[ASSIGNED TASK]
Exactly the lines from the line with "engue恩谷 劲量3.4A" through the final line of the records below, both ends included, are to be set down. Do not include pictures.

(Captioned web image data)
====================

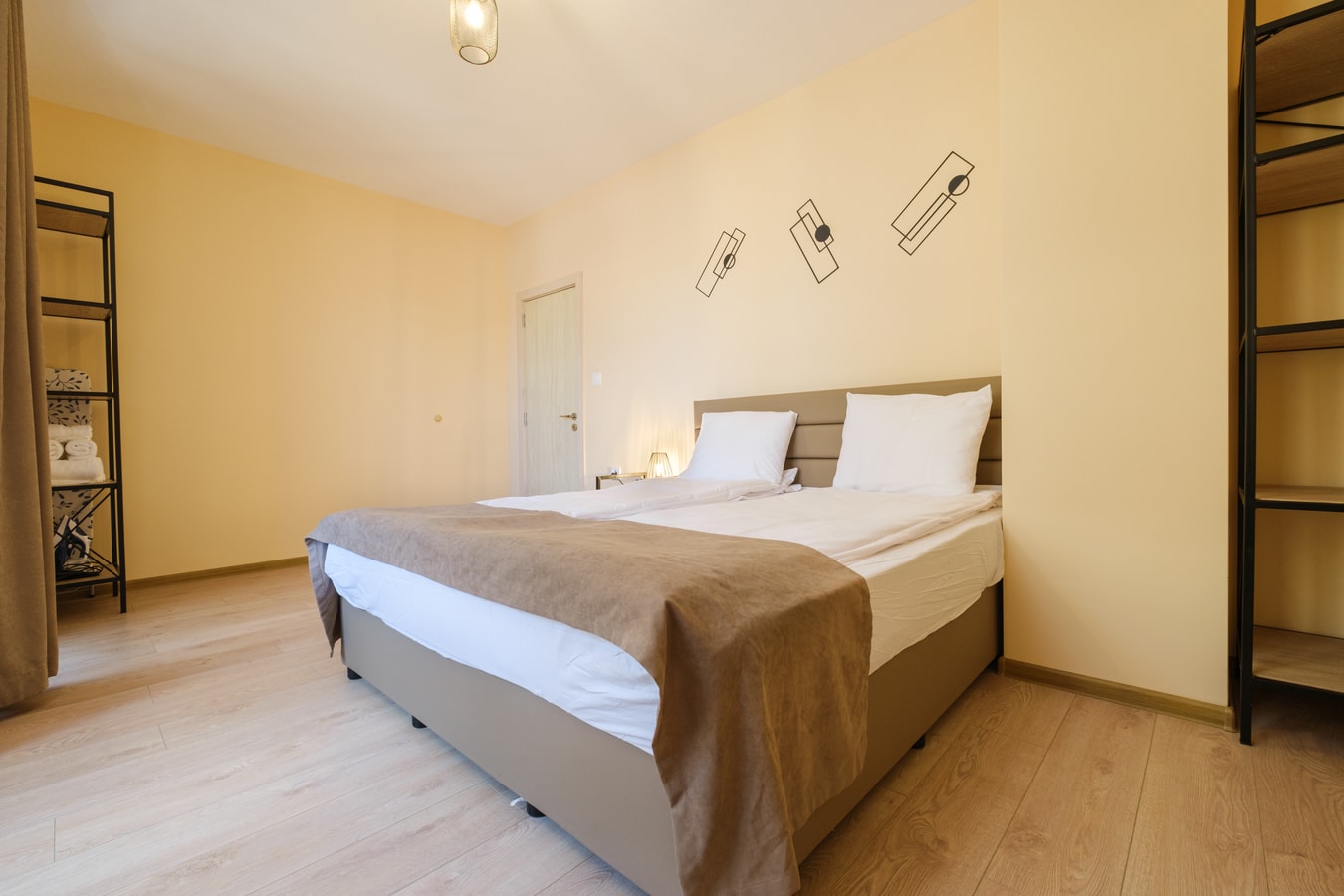 Apartments by the river 08 Free private parking 5 Апартаменти край реката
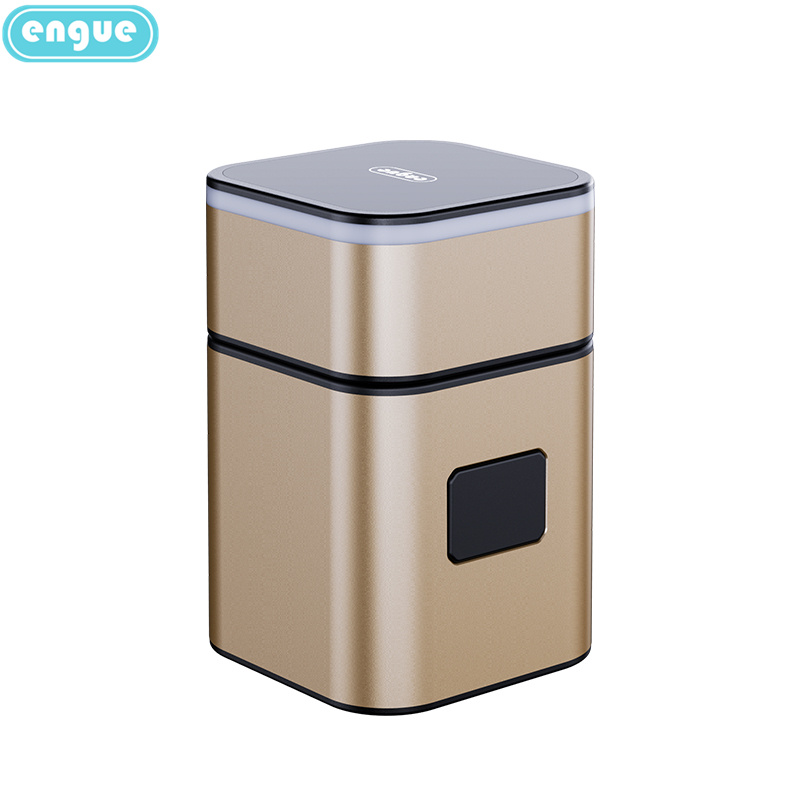 engue恩谷 劲量3.4A双USB+Type-c全球转换插头EG-701金色高清大图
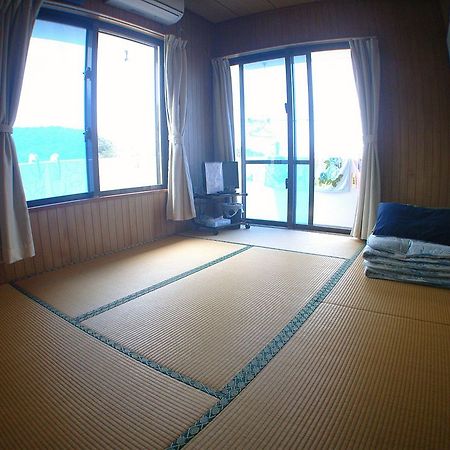 Minshuku Yadokari Hotel ซามามิ ภายนอก รูปภาพ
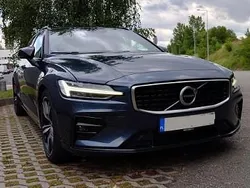 Niebieski Używany 2019 Volvo V60 Kombi | 81 900 zł (Dość drogi)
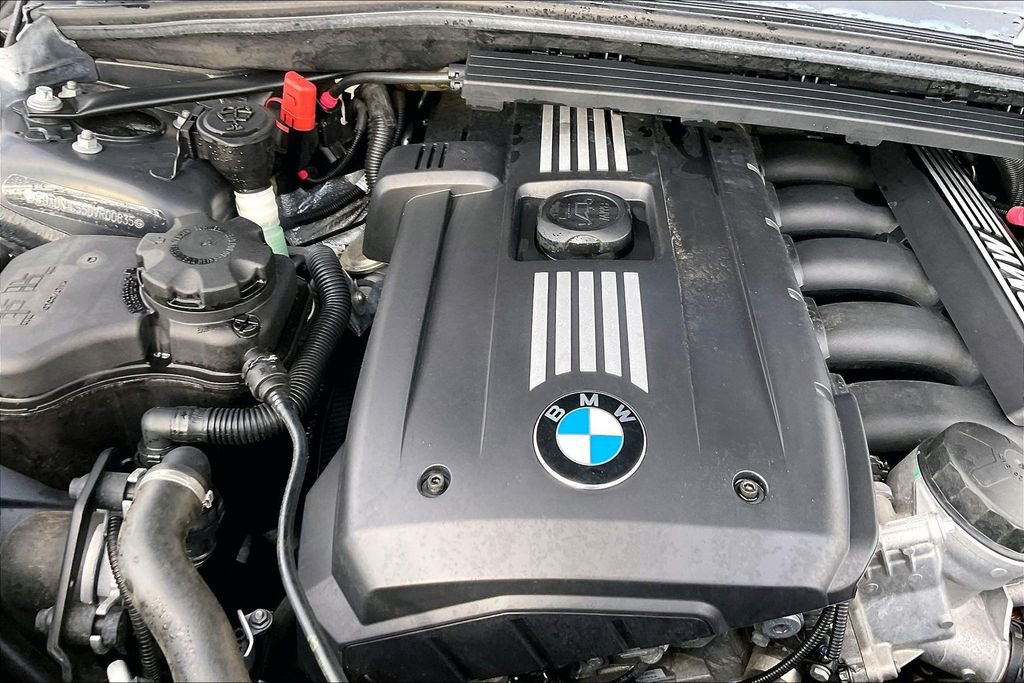 Used 2013 BMW 128i Convertible RWD image 29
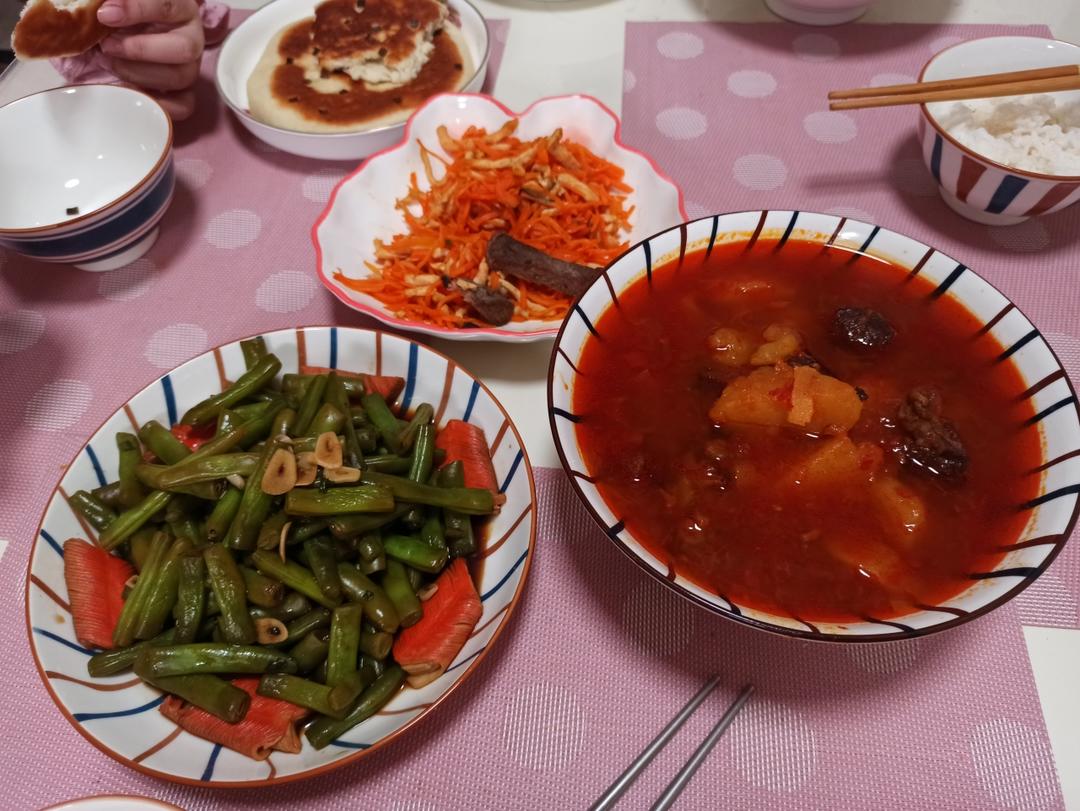 红烩牛肉+红烧豆角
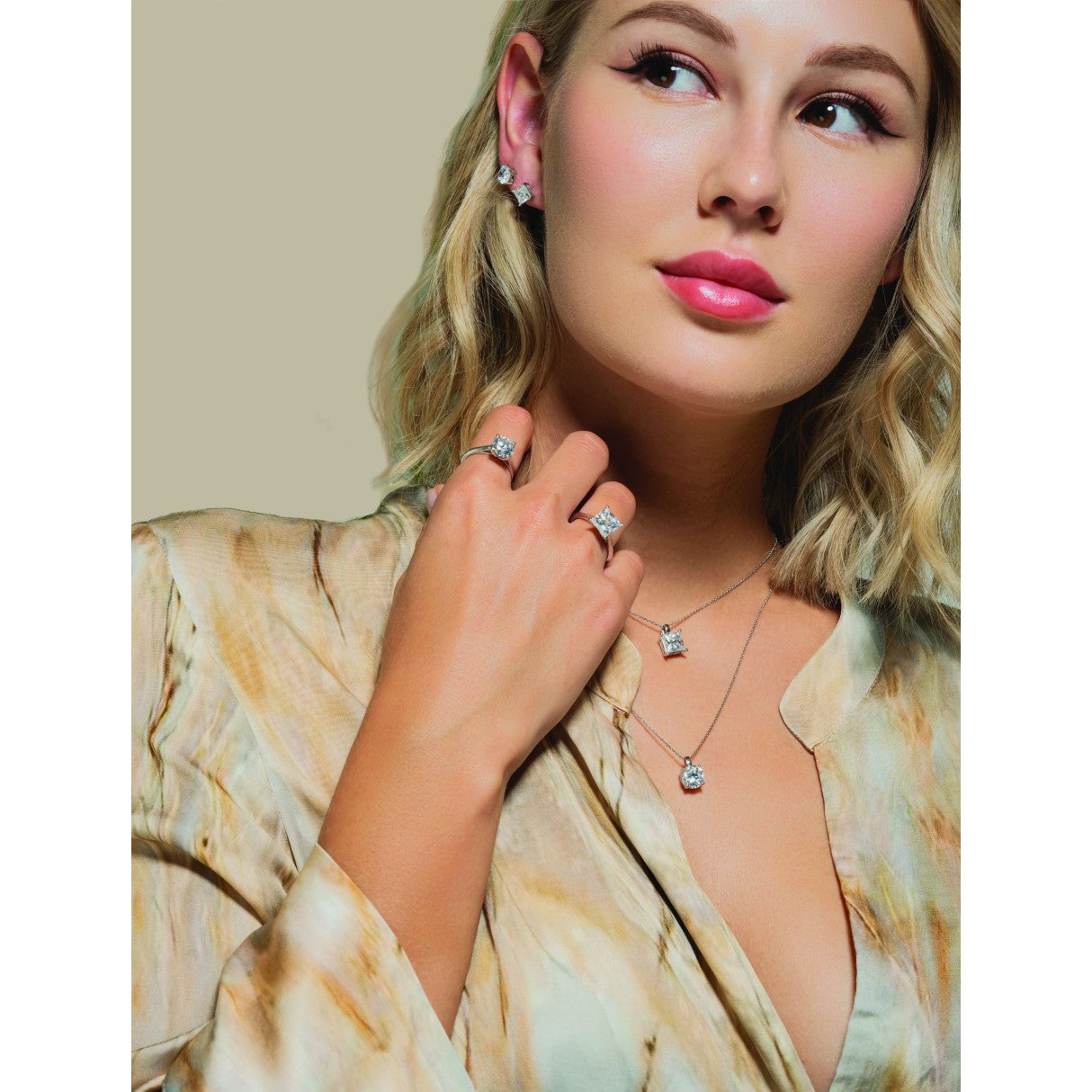 Lab Grown Diamond Pendant Set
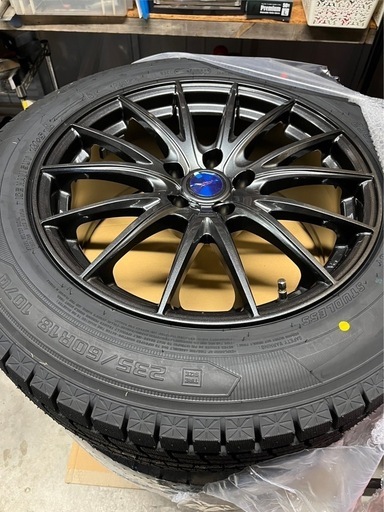 アウトランダー 三菱 スタッドレス  アルミホイール付き タイヤ 18インチ ハブリング付き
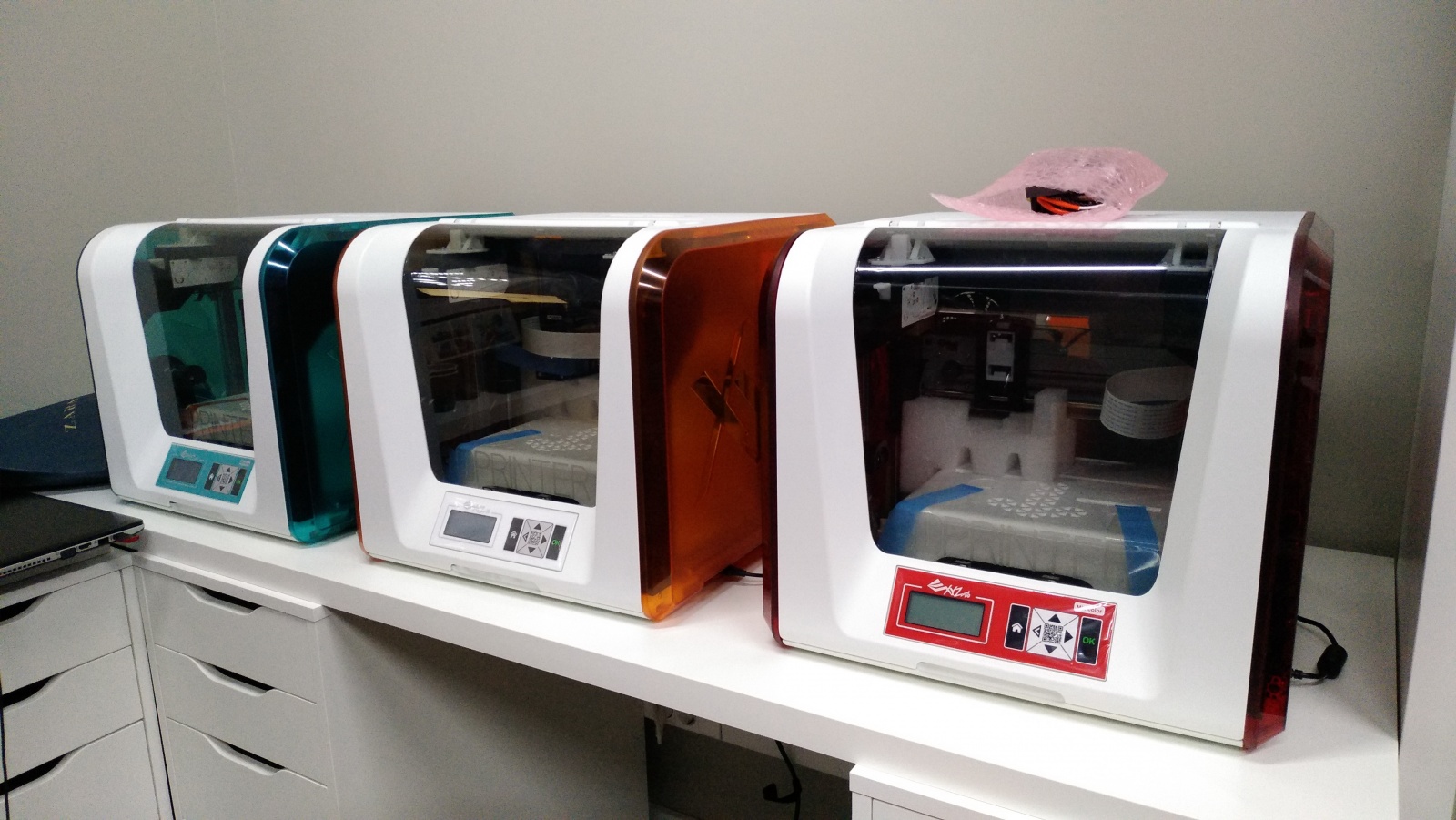Цветной 3D-принтер Da Vinci. Фоторепортаж с презентации Компании XYZprinting - 1
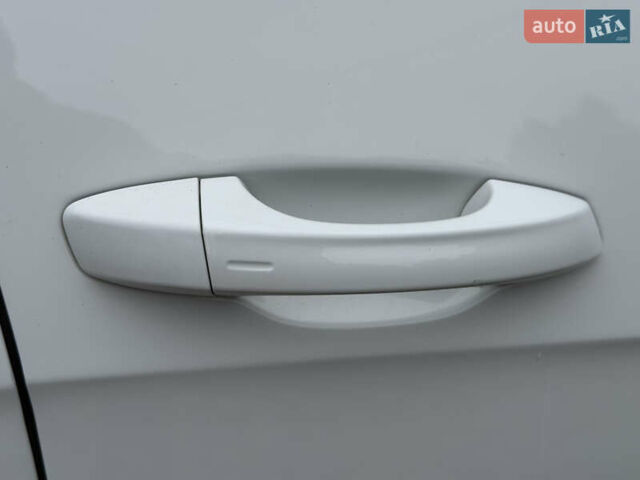 Фольксваген e-Golf, объемом двигателя 0 л и пробегом 110 тыс. км за 8990 $, фото 65 на Automoto.ua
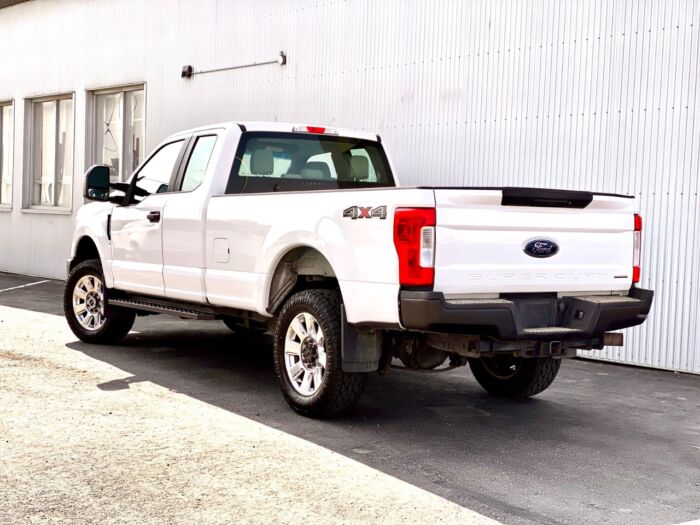 2019 Ford Super Duty F-350 SRW XL XL 4WD SuperCab 8' Box - Image 3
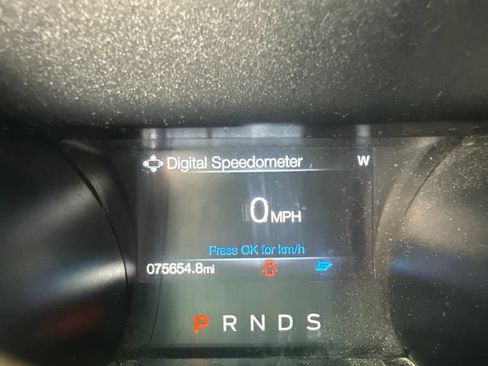Used 2020 Ford Mustang Premium RWD image 8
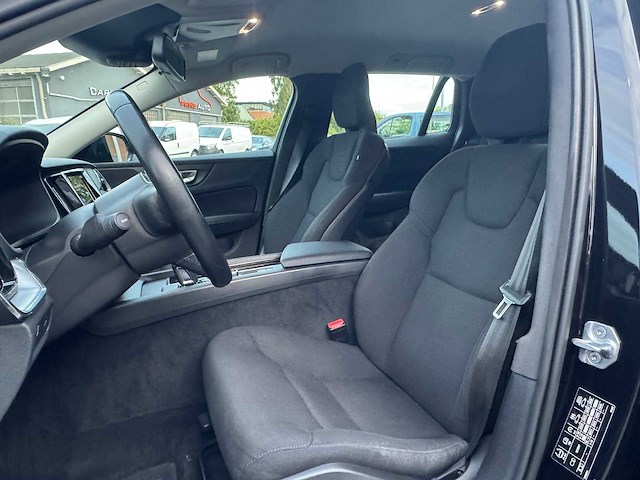 Volvo v60 2.0 b3 momentum advantage | k-277-dk - afbeelding 6 van  35
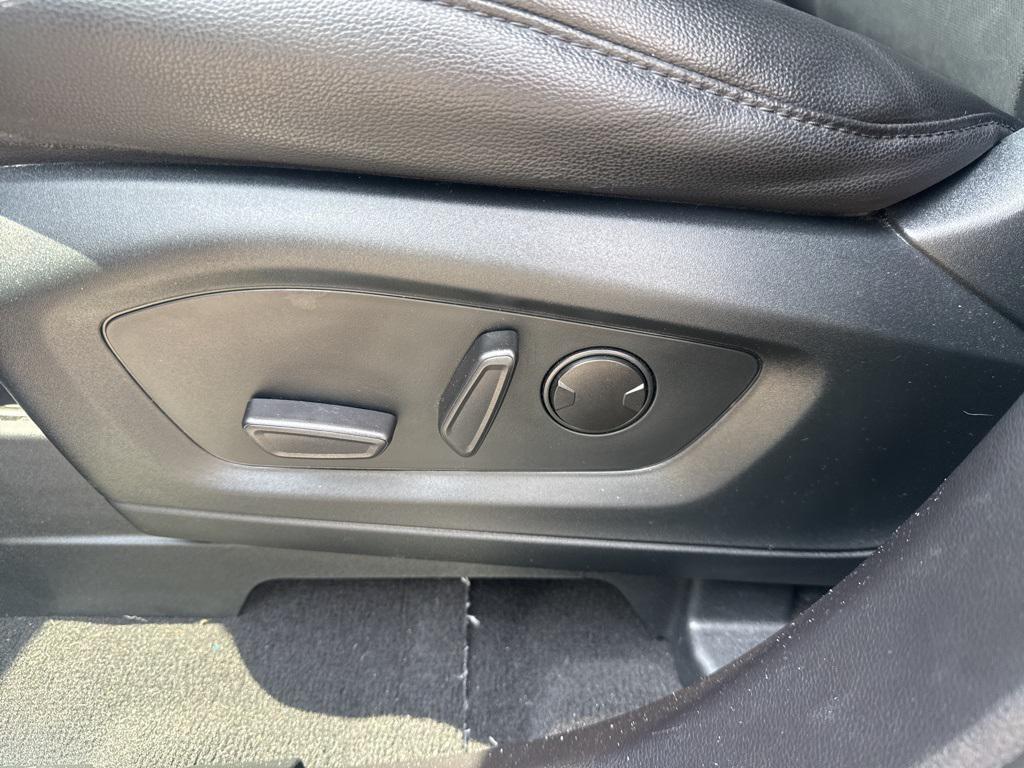 used 2022 Ford Explorer car, priced at $33,988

====================

[REPLY TO THE TASK]
 engue恩谷 劲量3.4A双USB+Type-c全球转换插头EG-701金色高清大图
 Minshuku Yadokari Hotel ซามามิ ภายนอก รูปภาพ
 Niebieski Używany 2019 Volvo V60 Kombi | 81 900 zł (Dość drogi)
 Used 2013 BMW 128i Convertible RWD image 29
 红烩牛肉+红烧豆角
 Lab Grown Diamond Pendant Set
 アウトランダー 三菱 スタッドレス  アルミホイール付き タイヤ 18インチ ハブリング付き
Цветной 3D-принтер Da Vinci. Фоторепортаж с презентации Компании XYZprinting - 1
 Фольксваген e-Golf, объемом двигателя 0 л и пробегом 110 тыс. км за 8990 $, фото 65 на Automoto.ua
 2019 Ford Super Duty F-350 SRW XL XL 4WD SuperCab 8' Box - Image 3
Used 2020 Ford Mustang Premium RWD image 8
 Volvo v60 2.0 b3 momentum advantage | k-277-dk - afbeelding 6 van  35
 used 2022 Ford Explorer car, priced at $33,988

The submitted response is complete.